Tudo ao molho e fé em Deus
Pote de ouro na casa de Matheus
Pedro Azevedo
Em nenhuma outra modalidade é tão possível o David bater o pé ao Golias como no mundo do ludopédio. Por isso, o futebol possui um sortilégio inigualável entre os diversos desportos. Muitas vezes a equidade provém da falta de eficácia do mais forte, outras vezes do engenho e da organização do mais fraco que permite que o todo valha muito mais que o somatório das partes. Na maioria dos casos porém esse equilíbrio é fruto das conjugação destes factores. Isto em condições de pressão e temperatura constantes do sistema, claro. Infelizmente, nas últimas décadas, em demasiadas ocasiões quando o Sporting joga, ou o termostato se avaria ou temos bar (e var?) aberto. Concomitantemente, o sistema desregula-se. E sempre que falha um sensor, nunca falta um censor.

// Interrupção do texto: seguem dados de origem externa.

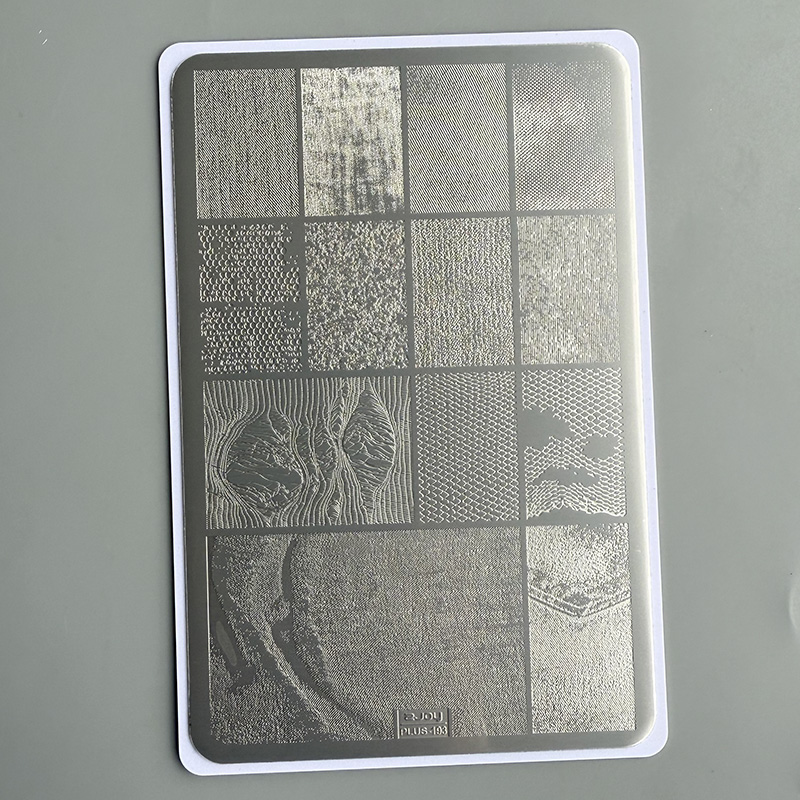 XMQ NAIL ART STAMPING PLATES L - Nail Art Denim recensione e prezzo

Hoje à tarde, nos Açores, o Sporting podia e devia ter resolvido a contenda na primeira parte. Com Palhinha imperial no centro do campo, Matheus é como um elástico à sua volta que se vai esticando ou apertando consoante as necessidades da equipa. Durante o primeiro tempo esticou-se tanto que isso provocou suficientes desequilíbrios para matarmos o jogo. Faltou eficácia, que é como quem diz faltou um "Matador", um ponta de lança. Quem não tem cão, caça com gato, e Pote (a passe de Jovane) desfez a igualdade com um remate certeiro de pé esquerdo executado de ângulo difícil. Dir-se-ia que o pior já tinha passado, mas isso é coisa que nunca passa pela cabeça de um Sportinguista. Anos e anos de improbabilidades que se reverteram contra nós fazem com que em cada Sportinguista haja um ser muito desconfiado e cínico. Não se infira daí que temos medo de ser felizes. Nada disso. Aquilo que efectivamente tememos é voltarmos a ser apanhados desprevenidos. É que depois não haveria coração que aguentasse o Coates ensarilhar-se com a bola e abrir uma improvável autoestrada numa pequena ilha. Assim, lá fomos nós para o intervalo com mais uma daquelas vitórias morais do nosso passado recente.

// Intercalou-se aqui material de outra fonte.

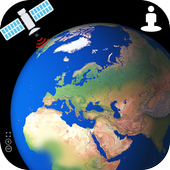 live earth map satellite map view gps tracker icon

No recomeço, o Sporting não voltou tão desenvolto. A relva, em péssimo estado, fofa e cada vez mais solta, também não ajudava. Mas fundamentalmente deixámos de controlar o meio-campo tão bem como no primeiro tempo. Para tal muito contribuiu o elástico ter-se partido. Esgaçado, tanto pelo uso (vai-vem constante) como pelo atrito (entradas a matar dos insulares), Matheus não conseguiu contribuir como anteriormente e a equipa ressentiu-se. O jogo tornou-se muito menos fluído e nem mesmo a entrada de João Mário o abanou suficientemente. Ainda assim tivémos duas soberanas ocasiões de golo, ambas ingloriamente desperdiçadas por Sporar (substituiu Jovane). Na primeira, o esloveno cabeceou sozinho e não acertou na baliza; na segunda a bola parece que o perpassou como se ele fora um holograma dos balcãs, efeito sobrenatural já avistado em duas ou três situações com idêntico protagonista em Alvalade. Porro e João Mário, respectivamente, fizeram as assistências com mel. Até que Pote, correspondendo a um passe longo de Feddal, beneficiou de um momento de apanhados em que o guarda-redes contrário se retirou a si próprio e a um defesa do lance e, novamente de pé esquerdo, marcou.
Vitória justíssima do Sporting, ainda que tanta caridade cristã, embora neste caso com a atenuante de ser com (o) Santa Clara, não seja recomendável no futuro a não ser que também se pretenda fazer um voto de pobreza.